Task instructions> Using the records below, count the lines with "Devant" in them. Give the number only.

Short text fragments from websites
━━━━━━━━━━

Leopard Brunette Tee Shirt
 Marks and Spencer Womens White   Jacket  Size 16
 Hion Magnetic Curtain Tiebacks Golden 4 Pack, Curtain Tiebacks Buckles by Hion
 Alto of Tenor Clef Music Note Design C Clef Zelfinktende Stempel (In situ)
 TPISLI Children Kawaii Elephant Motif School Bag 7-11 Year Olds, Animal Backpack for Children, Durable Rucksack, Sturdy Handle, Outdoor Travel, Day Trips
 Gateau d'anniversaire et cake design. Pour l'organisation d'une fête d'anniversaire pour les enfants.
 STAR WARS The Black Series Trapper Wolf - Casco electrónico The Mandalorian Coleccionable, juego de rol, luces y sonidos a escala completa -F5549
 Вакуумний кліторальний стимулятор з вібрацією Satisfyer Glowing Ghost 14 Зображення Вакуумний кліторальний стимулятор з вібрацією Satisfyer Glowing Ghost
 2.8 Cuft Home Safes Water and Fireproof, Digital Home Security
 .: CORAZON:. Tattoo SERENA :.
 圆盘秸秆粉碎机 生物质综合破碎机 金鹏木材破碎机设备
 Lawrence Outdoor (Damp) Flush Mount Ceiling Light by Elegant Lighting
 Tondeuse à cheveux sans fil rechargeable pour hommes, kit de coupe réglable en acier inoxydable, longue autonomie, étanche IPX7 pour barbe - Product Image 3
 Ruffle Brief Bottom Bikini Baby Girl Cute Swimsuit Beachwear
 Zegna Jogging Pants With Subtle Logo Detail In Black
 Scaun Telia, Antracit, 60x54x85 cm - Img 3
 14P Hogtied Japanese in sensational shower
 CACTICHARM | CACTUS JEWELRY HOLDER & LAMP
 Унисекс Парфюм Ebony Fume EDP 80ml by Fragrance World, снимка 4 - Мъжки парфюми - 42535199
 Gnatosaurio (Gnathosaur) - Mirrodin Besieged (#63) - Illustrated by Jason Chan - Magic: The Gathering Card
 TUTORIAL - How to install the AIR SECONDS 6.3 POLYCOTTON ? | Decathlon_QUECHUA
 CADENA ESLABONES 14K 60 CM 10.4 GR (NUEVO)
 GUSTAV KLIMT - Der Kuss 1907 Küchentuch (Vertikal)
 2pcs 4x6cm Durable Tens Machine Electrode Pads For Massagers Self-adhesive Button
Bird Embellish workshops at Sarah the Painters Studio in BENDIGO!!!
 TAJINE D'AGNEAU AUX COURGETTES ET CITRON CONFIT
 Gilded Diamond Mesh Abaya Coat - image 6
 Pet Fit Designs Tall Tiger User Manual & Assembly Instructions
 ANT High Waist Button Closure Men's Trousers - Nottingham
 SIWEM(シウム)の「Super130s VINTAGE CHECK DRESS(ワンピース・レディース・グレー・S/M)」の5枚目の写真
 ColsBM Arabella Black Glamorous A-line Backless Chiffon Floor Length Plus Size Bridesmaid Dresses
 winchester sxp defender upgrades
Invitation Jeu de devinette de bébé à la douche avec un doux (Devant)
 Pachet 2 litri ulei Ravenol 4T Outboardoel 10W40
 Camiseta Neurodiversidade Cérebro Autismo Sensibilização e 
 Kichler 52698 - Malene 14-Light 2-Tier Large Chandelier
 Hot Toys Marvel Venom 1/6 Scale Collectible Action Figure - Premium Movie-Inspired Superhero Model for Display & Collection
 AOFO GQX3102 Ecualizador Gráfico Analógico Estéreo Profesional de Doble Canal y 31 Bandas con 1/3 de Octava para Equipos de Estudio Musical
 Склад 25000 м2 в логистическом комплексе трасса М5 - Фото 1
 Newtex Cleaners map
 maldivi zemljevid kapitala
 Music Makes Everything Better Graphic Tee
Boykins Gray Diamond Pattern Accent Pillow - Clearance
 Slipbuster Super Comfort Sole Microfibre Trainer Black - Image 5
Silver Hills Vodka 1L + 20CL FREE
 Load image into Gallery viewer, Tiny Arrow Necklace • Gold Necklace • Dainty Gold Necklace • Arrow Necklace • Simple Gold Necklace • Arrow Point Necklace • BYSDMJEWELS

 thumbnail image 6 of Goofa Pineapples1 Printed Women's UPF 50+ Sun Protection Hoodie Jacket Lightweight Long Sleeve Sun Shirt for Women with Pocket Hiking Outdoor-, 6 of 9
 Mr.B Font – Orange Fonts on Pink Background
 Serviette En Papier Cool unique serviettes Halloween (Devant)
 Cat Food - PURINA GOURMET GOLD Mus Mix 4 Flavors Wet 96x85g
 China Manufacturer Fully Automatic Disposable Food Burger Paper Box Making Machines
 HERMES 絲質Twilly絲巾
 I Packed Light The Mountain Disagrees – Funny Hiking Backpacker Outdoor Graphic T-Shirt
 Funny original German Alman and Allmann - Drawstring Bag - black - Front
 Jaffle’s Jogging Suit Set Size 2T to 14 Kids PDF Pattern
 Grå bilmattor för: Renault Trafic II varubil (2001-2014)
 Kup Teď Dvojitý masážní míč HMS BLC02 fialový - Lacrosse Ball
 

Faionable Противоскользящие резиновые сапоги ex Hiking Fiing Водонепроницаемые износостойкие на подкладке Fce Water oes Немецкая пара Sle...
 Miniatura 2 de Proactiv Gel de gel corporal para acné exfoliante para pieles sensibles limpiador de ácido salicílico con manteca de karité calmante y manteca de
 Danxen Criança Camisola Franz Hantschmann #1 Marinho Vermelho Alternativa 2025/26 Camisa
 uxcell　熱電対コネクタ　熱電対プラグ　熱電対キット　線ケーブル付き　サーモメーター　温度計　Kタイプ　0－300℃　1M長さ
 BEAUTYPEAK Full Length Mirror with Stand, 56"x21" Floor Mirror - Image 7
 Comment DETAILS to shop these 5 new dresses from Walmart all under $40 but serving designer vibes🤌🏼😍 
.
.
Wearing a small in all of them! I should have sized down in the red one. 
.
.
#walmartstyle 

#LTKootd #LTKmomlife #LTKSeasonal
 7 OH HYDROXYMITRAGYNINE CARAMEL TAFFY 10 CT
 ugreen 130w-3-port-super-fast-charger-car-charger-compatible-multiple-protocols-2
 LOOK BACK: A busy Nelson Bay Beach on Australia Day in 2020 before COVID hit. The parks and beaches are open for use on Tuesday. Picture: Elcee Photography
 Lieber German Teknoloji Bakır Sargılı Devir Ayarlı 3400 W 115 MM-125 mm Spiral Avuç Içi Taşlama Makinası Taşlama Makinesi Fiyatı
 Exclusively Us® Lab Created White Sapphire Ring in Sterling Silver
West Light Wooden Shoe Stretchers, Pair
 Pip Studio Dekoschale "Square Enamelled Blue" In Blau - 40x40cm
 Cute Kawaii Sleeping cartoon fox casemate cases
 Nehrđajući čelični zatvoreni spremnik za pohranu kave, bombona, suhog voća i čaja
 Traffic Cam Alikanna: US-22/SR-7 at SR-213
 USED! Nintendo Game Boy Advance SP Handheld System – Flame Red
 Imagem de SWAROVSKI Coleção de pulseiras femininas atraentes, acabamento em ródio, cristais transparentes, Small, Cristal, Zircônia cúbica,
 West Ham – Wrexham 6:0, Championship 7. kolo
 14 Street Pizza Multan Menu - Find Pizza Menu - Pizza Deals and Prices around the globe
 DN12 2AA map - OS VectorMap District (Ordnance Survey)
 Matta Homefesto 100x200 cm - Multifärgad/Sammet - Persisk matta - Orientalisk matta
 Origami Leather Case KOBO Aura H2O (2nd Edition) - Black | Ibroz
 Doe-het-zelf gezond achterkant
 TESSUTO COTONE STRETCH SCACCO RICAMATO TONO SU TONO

━━━━━━━━━━

Completed task> 2